Exercise description - Each line from the one with "So please subscribe, like, and" through the final line of the entries below must be printed exactly, and the pictures must not be.

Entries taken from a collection
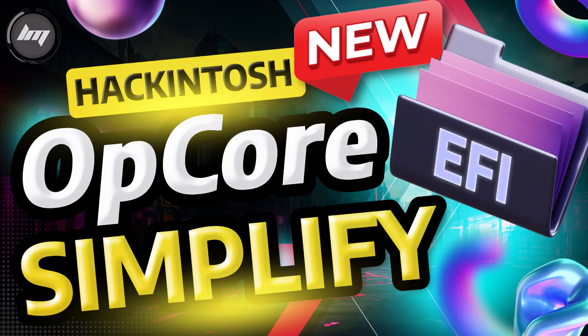we're going to dive into a fantastic tool that's revolutionizing the Hackintosh scene, OpCore Simplify. If you're looking to create a macOS installation on your custom built PC or laptop, but the process seems overwhelming, OpCore Simplify is here to save the day.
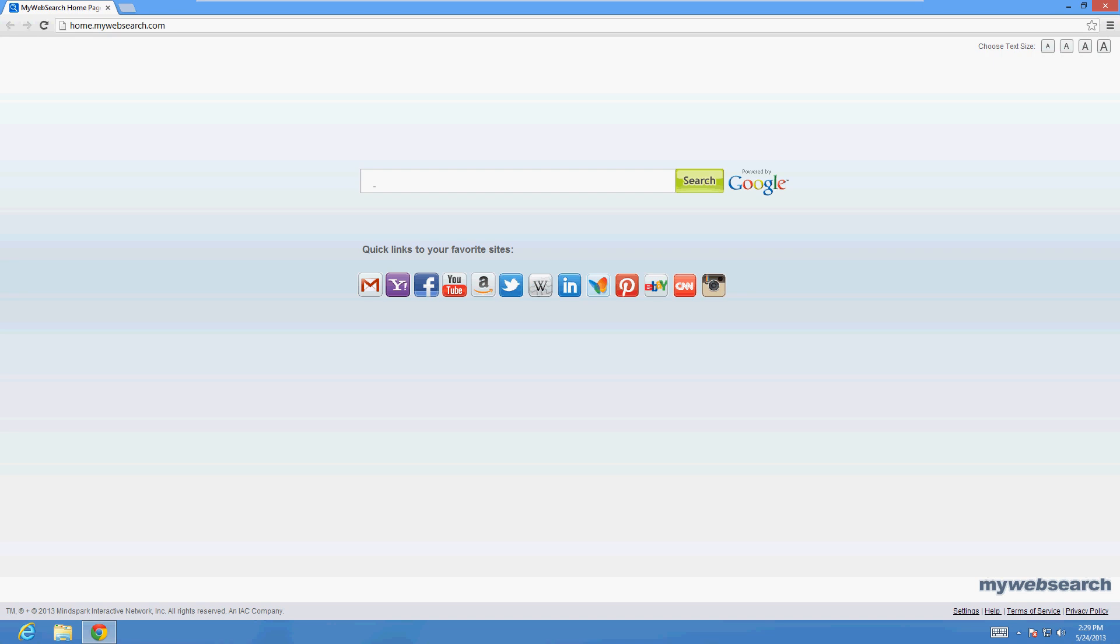In this video I'm going to show you how to fix pretty much every problem you might be having, whether your homepage got changed, you have annoying toolbars going across the top, or it's running very slow.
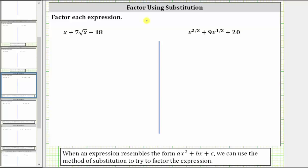In this video, we will look at two examples of factoring using substitution. When an expression resembles the form ax squared plus bx plus c, we can use the method of substitution to try to factor the expression. Notice how the variable factor of the middle term is x, and if we square x, we get the variable factor of the first term, which in this case is x squared. The expression needs to fit this form in order to use the method of substitution.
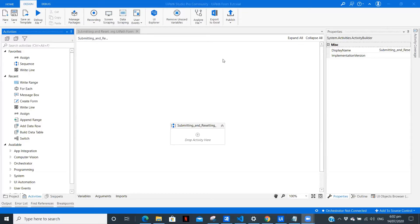Hey there, I am Pardoshi exploring the field of RPA and sharing my lessons with you by making videos. In this video we are going to use UiPath Forms. We will create a simple registration form using UiPath Form which will have three fields: name, phone number, and email ID.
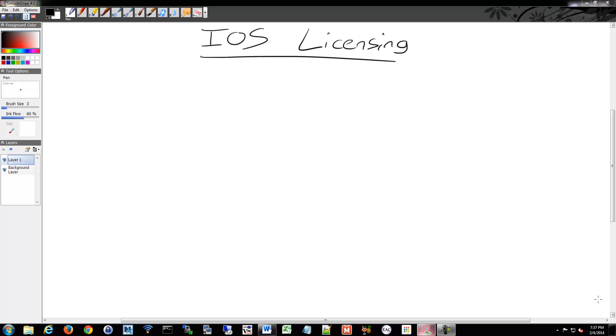Alright, let's go into iOS licensing a little bit. With version 5, you saw there where you had two major versions that I was referring to.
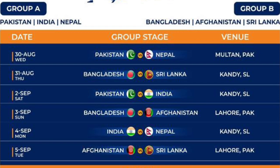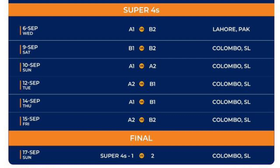September 5th: Sri Lanka versus Afghanistan in Lahore, Pakistan. September 6th: the top team of Group A versus the second team of Group B in Lahore, Pakistan. September 9th: Number 1 team of Group B versus Number 2 of Group B.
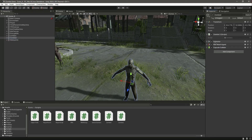The Animator, NavMesh Agent, Capsule Collider, and script are all added. In the next video we will work on the zombie two script and make this zombie functional. So with this done, catch you guys in the next video.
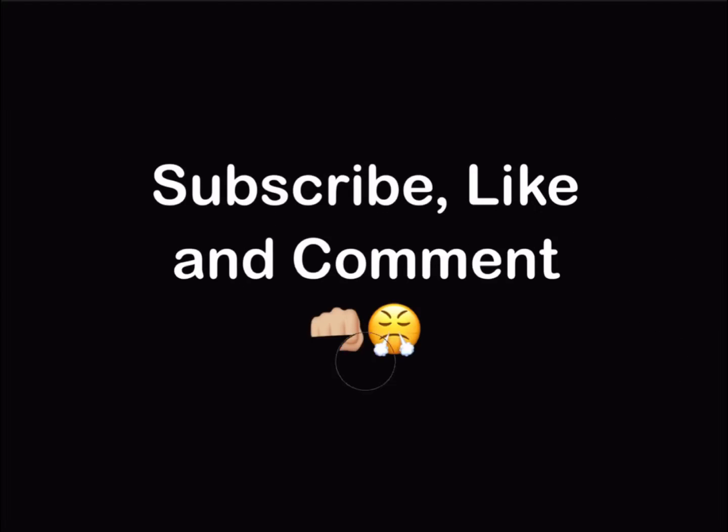So please subscribe, like, and comment to catch every video. Thank you.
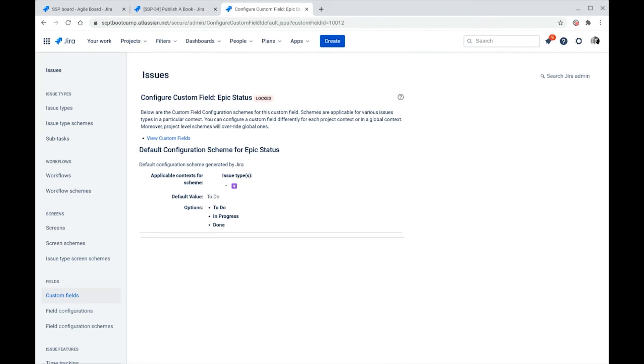we see that the field only applies to the epic issue type and it has three options: to do, in progress, and done. It's important to note that even though the field has status in the title, it is completely independent of the workflow status that an epic is in.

The answer -
So please subscribe, like, and comment to catch every video. Thank you.
we see that the field only applies to the epic issue type and it has three options: to do, in progress, and done. It's important to note that even though the field has status in the title, it is completely independent of the workflow status that an epic is in.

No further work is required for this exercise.